The main attraction, though, was FCC Commissioner Jonathan Adelstein, who last June cast one of the two dissenting votes against relaxing the ownership rules.

Outside the forum, Adelstein parses the issues. Last year’s national response, he says, “was unprecedented in the 70-plus years of the agency.” Moreover, he says, opponents of the new rules included “huge numbers of people from the right and left, the National Rifle Association, the Catholic Conference of Bishops. Everybody thought this was a bad idea.”

He also names some Congress members who have taken up the cause: Representatives Slaughter and Maurice Hinchey (D’s from New York), Ed Markey (D-MA), David Price (D-NC), Bernie Sanders (I-VT), and Richard Burr (R-NC); and Senators Byron Dorgan (D-ND), Fritz Hollings (D-SC), Ted Stevens (R-AK), Trent Lott (R-MS), and John McCain (R-AZ).

Adelstein says growing concentration will bring “ever less diversity at ever higher prices.” He makes some quality judgments, too. “We’re concerned about the homogenization of radio,” he says. Individual stations “don’t have their own news, their own reporters. Very little in-depth coverage. There used to be a lot more of that, but it’s expensive.” He turns to many small newspapers’ prime domestic competitor, Gannett. “They’ve supported cross-ownership,” he says. They got what they wanted, he says.

(At the Rochester forum, City Newspaper’s Towler and some participants criticized the recent launching of a free Gannett weekly in the local market. The next morning, the Gannett-owned Democrat and Chronicle—Rochester’s sole remaining daily—quoted a company spokesperson. “Covering the community is our number one priority,” he said, after noting Gannett wasn’t invited to the forum.)

Significant cases keep coming before the FCC. Adelstein mentions a recent decision: the commission’s nod this January to the merger of Newscorp and DirecTV. “I dissented,” he says. “Certainly [the deal] is in the shareholders’ interest, but we have a broad responsibility to serve the public interest.”

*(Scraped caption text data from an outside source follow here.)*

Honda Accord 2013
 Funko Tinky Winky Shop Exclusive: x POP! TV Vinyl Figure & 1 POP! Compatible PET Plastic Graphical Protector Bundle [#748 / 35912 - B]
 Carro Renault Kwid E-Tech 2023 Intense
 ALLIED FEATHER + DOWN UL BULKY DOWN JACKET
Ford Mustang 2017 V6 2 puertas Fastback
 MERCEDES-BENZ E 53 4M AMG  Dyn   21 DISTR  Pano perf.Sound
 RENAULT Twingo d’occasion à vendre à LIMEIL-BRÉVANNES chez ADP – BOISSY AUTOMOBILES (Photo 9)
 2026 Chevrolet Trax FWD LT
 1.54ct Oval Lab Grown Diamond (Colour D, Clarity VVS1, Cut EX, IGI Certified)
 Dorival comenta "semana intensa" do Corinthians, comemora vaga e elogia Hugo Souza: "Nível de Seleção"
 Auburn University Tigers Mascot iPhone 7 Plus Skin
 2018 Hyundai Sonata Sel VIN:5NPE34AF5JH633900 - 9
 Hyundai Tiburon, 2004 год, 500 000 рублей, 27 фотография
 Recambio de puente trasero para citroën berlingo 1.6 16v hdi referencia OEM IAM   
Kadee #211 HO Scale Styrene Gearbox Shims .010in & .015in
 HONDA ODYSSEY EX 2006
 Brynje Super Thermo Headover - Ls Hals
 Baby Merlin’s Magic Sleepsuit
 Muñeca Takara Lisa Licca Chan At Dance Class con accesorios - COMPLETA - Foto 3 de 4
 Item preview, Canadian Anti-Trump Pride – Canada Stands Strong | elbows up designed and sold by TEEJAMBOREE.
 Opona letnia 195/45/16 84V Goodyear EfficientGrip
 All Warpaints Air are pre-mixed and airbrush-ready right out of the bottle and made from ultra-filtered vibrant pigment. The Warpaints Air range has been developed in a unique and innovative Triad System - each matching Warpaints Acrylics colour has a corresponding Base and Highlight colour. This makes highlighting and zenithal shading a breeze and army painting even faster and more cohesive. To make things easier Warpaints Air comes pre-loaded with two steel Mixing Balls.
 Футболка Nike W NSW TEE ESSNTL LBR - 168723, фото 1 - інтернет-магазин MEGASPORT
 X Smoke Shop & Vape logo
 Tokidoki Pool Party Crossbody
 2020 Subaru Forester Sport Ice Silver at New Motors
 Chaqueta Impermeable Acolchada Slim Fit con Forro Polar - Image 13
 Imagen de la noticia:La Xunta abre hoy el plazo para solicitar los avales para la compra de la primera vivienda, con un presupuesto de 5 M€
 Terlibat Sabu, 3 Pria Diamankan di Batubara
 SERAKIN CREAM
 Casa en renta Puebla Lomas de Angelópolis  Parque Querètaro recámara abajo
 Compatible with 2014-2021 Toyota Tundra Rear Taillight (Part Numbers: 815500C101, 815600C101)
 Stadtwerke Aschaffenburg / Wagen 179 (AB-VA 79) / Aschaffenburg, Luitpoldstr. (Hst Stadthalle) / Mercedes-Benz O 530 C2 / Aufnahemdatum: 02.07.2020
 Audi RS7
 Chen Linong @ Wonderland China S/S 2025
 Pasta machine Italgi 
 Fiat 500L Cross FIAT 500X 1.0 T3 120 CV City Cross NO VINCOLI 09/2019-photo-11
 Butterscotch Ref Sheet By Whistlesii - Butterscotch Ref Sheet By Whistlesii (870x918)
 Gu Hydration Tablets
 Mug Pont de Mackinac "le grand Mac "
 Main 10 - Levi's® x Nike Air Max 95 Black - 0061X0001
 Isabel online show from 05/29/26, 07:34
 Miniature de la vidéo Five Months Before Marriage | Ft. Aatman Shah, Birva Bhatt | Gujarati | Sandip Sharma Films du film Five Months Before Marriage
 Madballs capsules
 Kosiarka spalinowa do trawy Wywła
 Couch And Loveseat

Yet the FCC today is construing the public interest more narrowly. It seems the commission is more concerned about Janet Jackson’s breast exposure or Bono’s f-wording than almost anything else.

Part of this is the law. Adelstein explains that the commission’s statutory authority over content extends only to what’s considered indecent, profane, or obscene. “I think the FCC is getting serious about enforcing rules that are on the books, to be sure they don’t step over the line,” he says.

But is this just a distraction, or even a move backward? “It’s a good development,” Adelstein says—a proper response to “increasing coarseness over the airwaves.”

Some observers take strong exception. For example, liberal commentator and cartoonist Ted Rall recently charged the decency crusade is merely “a new version of the Red Scare.” He said “new McCarthyites” have resorted to “censoring their opponents.” He also slammed the New York Times for dumping his editorial cartoons from its website.

In regard to media monsters, the decency crusade may end up demonstrating the old Nietzschean principle dear to radio host G. Gordon Liddy: Whatever doesn’t kill them makes them stronger. But dinosaurs of any sort co-exist with pesky critters in the underbrush —and eventually the more adaptable life forms have their day. Certainly the Internet and web-based populist efforts like indymedia.org are carving out space for themselves.

The FCC is looking at such a critter: low-power FM radio. In 2000, the commission gave the go-ahead to noncommercial stations of 100 watts or less. Then broadcasters complained LPFM would cause too much interference with their signals. “We were forced by Congress to ratchet back,” Adelstein says. He adds the FCC studied the potential for interference and found there wasn’t much.

Of course, that’s no comment on the political interference that could hamper LPFM for some time. But here again, a mobilized public, aware the airwaves legally belong to everyone, could make the difference.